1. U.S. image improves

While President Barack Obama’s approval rating has been suffering for years, American leadership as seen internationally has improved considerably since 2008, when disapproval and approval were tied at 34%. During 2013, leadership views for the United States began to rise again into the 46% range. This is notably the only positive statistic in Gallup’s list of 10 important findings this year.

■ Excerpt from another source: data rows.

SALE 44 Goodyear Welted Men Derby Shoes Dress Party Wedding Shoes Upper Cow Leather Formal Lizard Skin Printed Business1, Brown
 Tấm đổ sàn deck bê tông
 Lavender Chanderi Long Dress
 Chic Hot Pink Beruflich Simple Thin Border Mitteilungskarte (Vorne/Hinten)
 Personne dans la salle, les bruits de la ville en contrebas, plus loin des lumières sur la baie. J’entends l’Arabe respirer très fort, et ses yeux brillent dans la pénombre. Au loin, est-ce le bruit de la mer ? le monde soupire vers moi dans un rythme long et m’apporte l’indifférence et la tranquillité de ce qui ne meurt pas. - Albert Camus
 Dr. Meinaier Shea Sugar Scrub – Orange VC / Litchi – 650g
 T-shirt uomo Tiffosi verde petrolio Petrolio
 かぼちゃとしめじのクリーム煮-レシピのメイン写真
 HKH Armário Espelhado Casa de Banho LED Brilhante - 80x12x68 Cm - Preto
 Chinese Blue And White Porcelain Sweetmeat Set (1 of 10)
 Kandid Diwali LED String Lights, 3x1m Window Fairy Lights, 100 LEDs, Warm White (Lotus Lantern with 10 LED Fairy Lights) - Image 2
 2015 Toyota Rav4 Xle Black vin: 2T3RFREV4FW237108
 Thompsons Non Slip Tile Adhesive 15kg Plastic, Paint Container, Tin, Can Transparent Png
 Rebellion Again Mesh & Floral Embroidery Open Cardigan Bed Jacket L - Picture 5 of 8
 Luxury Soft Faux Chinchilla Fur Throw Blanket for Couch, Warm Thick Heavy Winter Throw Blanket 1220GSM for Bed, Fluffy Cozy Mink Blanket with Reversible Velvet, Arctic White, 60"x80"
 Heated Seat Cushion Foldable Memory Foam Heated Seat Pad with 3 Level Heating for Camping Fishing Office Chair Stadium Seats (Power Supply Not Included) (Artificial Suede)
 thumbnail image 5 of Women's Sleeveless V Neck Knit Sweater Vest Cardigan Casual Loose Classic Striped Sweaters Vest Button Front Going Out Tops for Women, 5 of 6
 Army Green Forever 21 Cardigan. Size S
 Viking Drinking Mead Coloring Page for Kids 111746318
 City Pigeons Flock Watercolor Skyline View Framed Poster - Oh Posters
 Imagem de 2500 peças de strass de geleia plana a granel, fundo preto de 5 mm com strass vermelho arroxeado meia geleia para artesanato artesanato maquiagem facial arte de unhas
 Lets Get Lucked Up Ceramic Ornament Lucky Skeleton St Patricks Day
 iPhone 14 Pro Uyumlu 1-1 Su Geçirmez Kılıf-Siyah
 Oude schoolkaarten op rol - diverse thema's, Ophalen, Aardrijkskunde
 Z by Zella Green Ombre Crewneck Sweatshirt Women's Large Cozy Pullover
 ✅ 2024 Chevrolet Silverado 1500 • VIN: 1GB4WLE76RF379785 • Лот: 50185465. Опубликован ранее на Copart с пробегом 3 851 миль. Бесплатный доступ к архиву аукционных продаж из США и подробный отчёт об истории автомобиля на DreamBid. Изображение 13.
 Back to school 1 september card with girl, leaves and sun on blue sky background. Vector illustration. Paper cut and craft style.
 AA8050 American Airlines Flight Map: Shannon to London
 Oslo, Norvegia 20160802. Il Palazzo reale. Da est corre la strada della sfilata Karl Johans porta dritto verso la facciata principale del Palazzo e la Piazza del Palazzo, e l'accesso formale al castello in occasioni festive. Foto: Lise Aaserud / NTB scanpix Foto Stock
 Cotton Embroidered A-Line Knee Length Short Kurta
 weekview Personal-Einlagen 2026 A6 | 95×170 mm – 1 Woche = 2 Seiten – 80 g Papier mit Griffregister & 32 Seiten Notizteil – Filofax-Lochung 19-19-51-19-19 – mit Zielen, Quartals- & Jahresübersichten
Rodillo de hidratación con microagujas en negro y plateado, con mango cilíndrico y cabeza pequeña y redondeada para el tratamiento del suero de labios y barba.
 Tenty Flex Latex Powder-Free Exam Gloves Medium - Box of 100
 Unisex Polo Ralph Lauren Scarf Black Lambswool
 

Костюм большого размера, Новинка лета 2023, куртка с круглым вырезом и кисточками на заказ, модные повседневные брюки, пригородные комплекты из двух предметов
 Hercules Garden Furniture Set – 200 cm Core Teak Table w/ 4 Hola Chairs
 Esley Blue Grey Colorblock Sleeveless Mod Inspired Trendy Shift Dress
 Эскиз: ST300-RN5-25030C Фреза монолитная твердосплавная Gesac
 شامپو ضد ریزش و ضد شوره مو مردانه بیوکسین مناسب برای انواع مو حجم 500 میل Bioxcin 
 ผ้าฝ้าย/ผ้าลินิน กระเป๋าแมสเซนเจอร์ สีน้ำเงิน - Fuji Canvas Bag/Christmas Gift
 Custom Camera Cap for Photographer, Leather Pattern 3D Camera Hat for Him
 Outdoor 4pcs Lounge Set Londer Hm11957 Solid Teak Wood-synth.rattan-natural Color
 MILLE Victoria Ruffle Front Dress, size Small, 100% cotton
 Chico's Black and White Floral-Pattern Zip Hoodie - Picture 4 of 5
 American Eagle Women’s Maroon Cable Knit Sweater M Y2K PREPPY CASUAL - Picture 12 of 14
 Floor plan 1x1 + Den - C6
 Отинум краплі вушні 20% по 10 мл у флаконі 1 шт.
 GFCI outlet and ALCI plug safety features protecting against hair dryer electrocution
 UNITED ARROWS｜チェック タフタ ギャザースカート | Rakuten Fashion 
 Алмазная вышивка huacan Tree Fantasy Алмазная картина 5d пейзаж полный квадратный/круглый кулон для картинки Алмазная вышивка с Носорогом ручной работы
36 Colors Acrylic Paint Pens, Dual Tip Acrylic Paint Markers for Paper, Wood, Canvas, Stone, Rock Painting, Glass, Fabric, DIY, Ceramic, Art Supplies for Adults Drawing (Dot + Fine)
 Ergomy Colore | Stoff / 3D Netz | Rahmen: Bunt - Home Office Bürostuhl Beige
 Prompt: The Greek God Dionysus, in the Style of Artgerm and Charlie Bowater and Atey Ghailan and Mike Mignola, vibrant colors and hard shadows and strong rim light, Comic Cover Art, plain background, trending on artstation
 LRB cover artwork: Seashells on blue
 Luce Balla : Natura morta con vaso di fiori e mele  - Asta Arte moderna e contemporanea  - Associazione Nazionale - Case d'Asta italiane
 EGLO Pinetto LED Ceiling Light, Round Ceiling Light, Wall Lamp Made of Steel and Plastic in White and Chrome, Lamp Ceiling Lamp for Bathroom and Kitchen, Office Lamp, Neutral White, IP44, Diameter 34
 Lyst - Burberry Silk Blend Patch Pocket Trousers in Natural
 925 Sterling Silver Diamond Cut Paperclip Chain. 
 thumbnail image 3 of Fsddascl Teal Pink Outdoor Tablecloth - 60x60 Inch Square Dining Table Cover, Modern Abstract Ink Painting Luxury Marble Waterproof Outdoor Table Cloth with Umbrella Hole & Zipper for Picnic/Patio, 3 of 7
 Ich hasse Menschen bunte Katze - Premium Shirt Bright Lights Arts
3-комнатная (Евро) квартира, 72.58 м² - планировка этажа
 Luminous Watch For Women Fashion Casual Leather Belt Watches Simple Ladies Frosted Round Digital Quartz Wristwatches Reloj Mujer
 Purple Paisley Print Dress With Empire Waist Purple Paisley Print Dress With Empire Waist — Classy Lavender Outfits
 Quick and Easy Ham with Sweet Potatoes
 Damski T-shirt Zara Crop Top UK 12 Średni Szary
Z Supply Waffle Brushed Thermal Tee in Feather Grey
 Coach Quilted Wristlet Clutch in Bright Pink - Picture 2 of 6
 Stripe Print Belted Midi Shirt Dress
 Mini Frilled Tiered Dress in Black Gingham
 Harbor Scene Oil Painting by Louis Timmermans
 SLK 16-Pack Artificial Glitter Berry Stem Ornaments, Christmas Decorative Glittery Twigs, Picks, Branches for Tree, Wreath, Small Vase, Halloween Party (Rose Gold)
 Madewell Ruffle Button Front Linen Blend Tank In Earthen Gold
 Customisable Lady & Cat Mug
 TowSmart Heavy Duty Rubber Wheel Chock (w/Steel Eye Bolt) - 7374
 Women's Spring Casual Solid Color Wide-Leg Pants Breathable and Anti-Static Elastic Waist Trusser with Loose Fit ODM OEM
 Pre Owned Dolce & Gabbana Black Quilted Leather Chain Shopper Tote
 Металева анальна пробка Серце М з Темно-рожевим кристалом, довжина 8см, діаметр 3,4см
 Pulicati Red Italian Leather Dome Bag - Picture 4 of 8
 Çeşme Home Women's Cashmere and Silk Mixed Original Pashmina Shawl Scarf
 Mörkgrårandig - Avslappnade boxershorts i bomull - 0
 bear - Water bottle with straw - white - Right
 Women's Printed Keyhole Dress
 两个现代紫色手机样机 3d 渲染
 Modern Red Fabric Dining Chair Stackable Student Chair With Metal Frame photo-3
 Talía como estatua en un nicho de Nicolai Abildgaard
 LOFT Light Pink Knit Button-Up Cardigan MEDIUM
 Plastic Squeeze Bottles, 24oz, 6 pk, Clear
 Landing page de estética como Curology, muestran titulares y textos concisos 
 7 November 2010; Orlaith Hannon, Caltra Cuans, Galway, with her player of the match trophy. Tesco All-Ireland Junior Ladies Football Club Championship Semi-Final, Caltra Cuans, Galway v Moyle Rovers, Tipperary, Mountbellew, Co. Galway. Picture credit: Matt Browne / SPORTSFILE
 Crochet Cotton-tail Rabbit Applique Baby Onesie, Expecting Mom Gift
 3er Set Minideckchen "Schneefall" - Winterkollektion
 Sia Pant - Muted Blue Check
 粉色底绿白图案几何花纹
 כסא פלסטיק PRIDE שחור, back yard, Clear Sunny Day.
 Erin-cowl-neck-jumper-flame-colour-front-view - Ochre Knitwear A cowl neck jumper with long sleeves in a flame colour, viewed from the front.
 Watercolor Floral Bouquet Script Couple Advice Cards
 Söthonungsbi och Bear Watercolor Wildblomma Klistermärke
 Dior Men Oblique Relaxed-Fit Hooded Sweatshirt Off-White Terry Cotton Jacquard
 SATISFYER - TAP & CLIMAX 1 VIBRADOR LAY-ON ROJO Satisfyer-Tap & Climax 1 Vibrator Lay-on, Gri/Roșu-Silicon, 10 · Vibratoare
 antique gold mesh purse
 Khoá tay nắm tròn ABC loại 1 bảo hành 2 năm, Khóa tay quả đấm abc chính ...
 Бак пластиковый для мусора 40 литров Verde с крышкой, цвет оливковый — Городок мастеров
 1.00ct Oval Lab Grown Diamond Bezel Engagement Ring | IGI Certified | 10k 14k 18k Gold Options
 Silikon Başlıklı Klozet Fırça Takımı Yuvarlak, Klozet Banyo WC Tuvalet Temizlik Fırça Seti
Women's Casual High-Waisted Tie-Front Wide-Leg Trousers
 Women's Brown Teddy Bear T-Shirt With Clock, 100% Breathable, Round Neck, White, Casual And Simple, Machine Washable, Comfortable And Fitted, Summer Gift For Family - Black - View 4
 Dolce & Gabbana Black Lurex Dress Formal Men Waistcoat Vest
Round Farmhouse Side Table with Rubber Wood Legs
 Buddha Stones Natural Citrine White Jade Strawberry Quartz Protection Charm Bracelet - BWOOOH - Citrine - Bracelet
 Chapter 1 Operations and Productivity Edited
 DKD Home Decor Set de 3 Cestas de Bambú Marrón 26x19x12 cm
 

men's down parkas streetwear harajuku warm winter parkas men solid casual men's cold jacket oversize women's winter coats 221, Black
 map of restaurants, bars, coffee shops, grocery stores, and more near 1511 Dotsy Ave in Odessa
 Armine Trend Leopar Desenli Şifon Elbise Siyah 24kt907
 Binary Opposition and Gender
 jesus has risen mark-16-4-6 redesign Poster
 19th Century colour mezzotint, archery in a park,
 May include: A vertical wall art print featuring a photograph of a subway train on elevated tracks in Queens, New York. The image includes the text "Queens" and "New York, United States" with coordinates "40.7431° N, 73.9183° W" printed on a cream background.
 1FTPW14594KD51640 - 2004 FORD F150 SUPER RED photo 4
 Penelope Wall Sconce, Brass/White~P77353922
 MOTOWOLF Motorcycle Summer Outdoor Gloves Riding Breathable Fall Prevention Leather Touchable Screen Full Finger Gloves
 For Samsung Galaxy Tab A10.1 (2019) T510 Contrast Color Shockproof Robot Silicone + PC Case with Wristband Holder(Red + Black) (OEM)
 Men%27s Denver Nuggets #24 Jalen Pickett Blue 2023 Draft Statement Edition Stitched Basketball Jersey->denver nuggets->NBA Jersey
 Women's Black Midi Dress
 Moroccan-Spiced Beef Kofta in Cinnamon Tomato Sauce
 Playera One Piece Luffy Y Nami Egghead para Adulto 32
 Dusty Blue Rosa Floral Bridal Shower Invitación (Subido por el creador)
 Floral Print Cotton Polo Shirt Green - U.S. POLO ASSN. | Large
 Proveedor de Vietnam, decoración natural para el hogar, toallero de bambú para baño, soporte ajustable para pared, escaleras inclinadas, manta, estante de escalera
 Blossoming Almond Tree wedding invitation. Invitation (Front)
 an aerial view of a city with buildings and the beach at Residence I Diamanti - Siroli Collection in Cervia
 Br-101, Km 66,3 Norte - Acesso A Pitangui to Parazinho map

2. High school dropout rates drop

Pew Research Reported in October of 2014 that the most recent data from The Census Bureau had good news for education stats. In large part a result of Hispanic and black populations, the High School dropout rate has dropped to record levels, showing considerable decreases from even 10 years ago, as shown in the graph below:

FT_14.10.01_H.S.Dropout_1

The High School Completion Rate among Hispanic Americans has rose from 61% in 1993 to 79% last year, and 75% among black Americans in 1993 to 82%. Asian and non-Hispanic white demographics have also seen more minor improvements. 3. Women in congress reaches record number

As 2015 rolls around, Congress will see an improved balance in the gender split in the House and Senate. One-hundred women will take seats this coming year, 52% of them Democrats, 47% Republicans, according to MSNBC. This is the first time in American history that women in the Legislature surpassed the tens place. True, this is not much of an improvement over 2013, which saw 99 female Congress members according to Slate, but compared to 2001’s 73 women, or 1991’s 32 women on the Hill, it’s an impressive landmark.

4. This Congress may not be the worst at getting things done (by a narrow margin)

Pew Research reports that the “113th Congress [is] not quite the least productive of recent times.” By a handful of public laws, the 113th managed to pass more than the 112th with 296 enacted over the 112th’s 283. A slim margin, but it’s always nice not to be the absolute bottom year. Considering the gridlock seen, it’s actually rather surprising the 113th didn’t fall to the bottom, but Congress surpassed last year not only in ceremonial public laws, but also in substantive ones.

As Seth Meyers once said, Congress wants us “to be impressed by [a lot of things] we are not impressed by. We are not impressed that you sat next to each other at the State of the Union. You know what the rest of Americans call an evening spent politely sitting next to a person with wildly different political views? Thanksgiving.” Having said that, it’s nice that a few dishes — maybe not turkey, but green bean casserole at least — made it to the table this year without being knocked to the ground in a fit of partisan anger. 5. Job market improvements

Over the course of 2014, the number of unemployed Americans has fallen by 1.7 million people and the unemployment rate has dropped 1.2 percentage points, according to the Bureau of Labor Statistics, as of November of this year. The report was so positive, NPR called 2014 “the year when the job market finally turned the corner,” and reported that wages across the U.S. rose an average of 0.4% or 9 cents every hour. And while it’s easy to feel negative about prospects given the continued complaints on Keystone XL construction barriers — and debates over the jobs it might create — and the constant back and forth over the minimum wage, if you push all of that to the side, America has seen growth and improvement this year. That means unemployed workers and American families with one or more individuals trying to find work can look forward to a positive trend.

It’s worth every once in awhile reflecting on the fact that the American economy is making real progress,” said President Obama in early December. “And if we can continue in this trajectory, if we can continue to grow robustly … then we can get a virtuous cycle that’s really going to make a difference.”